When CCPA took effect in 2020, a mid-sized e-commerce company discovered they had no idea where all their customer email addresses lived. Marketing had a list. Sales had a different list. Customer service had another. The data warehouse had copies of everything. Responding to a single deletion request meant coordinating across seven different systems.
CCPA compliance isn't just about adding a privacy policy link. It requires understanding where personal data lives in your organization and building processes to honor consumer rights. For email marketers, this means rethinking how you collect, store, and use email addresses.
What CCPA requires
The California Consumer Privacy Act grants California residents specific rights regarding their personal data.
The right to know means consumers can request what personal information you've collected about them, where it came from, what you use it for, and who you've shared it with. For email, this includes their email address, engagement history, and any data derived from their email activity.
The right to delete means consumers can request you delete their personal information. With some exceptions, you must comply. This goes beyond unsubscribing—it means removing their data from your systems entirely.
The right to opt-out of sale means consumers can tell you not to sell their personal information. If you share email lists with partners or sell data to third parties, consumers can stop this.
The right to non-discrimination means you can't penalize consumers for exercising their rights. You can't charge more or provide worse service because someone opted out of data sales.
These rights apply to California residents regardless of where your business is located. If you have California customers, CCPA likely applies to you.
Who CCPA applies to
CCPA applies to for-profit businesses that collect California residents' personal information AND meet any of these thresholds:
Annual gross revenue over $25 million. Most mid-sized and larger businesses qualify.
Buy, sell, or share personal information of 100,000 or more California residents, households, or devices annually. Many email lists exceed this threshold.
Derive 50% or more of annual revenue from selling California residents' personal information. Data brokers and some marketing companies fall here.
If you don't meet these thresholds, CCPA doesn't apply to you—but other privacy laws might, and following CCPA principles is good practice regardless.
Email-specific compliance requirements
For email marketing, CCPA compliance involves several specific considerations.

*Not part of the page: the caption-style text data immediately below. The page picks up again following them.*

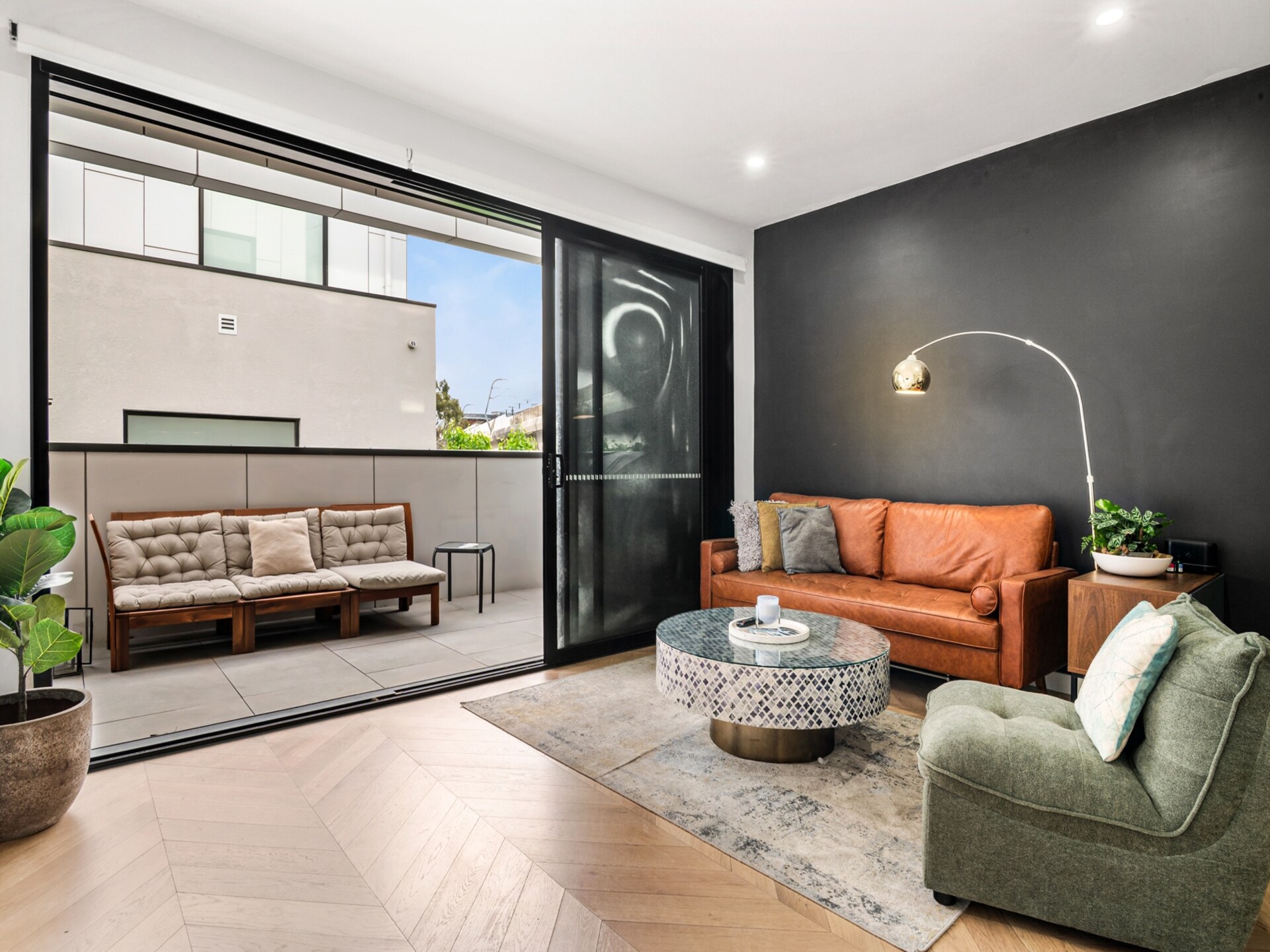 Stijlvol appartement met 2 slaapkamers en balkon in Carnegie - foto 1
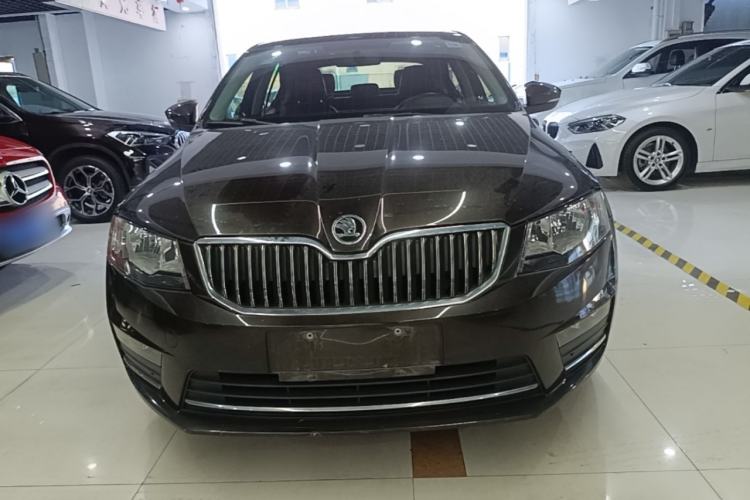 Used Skoda Octavia 2017 1.6L Automatic Smart Drive Edition Front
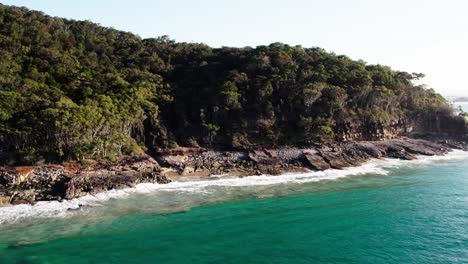 Aerial-View-Of-Tropical-Beach-In-Noosa,-Queensland,-Australia---Drone-Shot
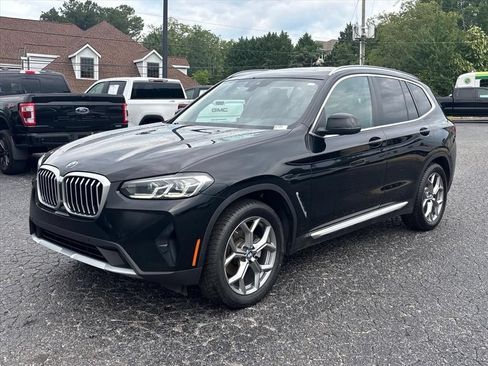 Used 2024 BMW X3 xDrive30i AWD/4WD image 3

Disclosure at collection: When you collect email addresses, you must inform consumers what categories of personal information you're collecting and how you'll use it. Your signup forms need clear privacy disclosures.
Privacy policy requirements: Your privacy policy must describe the categories of personal information collected, the purposes for collection, consumer rights under CCPA, and how to submit requests. It must be updated at least annually.
Data inventory: You need to know where email addresses and related data are stored across your organization. CRM, email platform, analytics tools, data warehouse, backups—all of it. You can't honor deletion requests if you don't know where the data lives.
Request handling: You must provide at least two methods for consumers to submit requests (typically web form and toll-free number). You must verify the requester's identity. You must respond within 45 days (extendable to 90 in some cases).
Service provider agreements: If you use email service providers, you need contracts specifying they're service providers under CCPA and restricting how they can use the data.
Handling deletion requests
Deletion requests require careful handling to ensure compliance.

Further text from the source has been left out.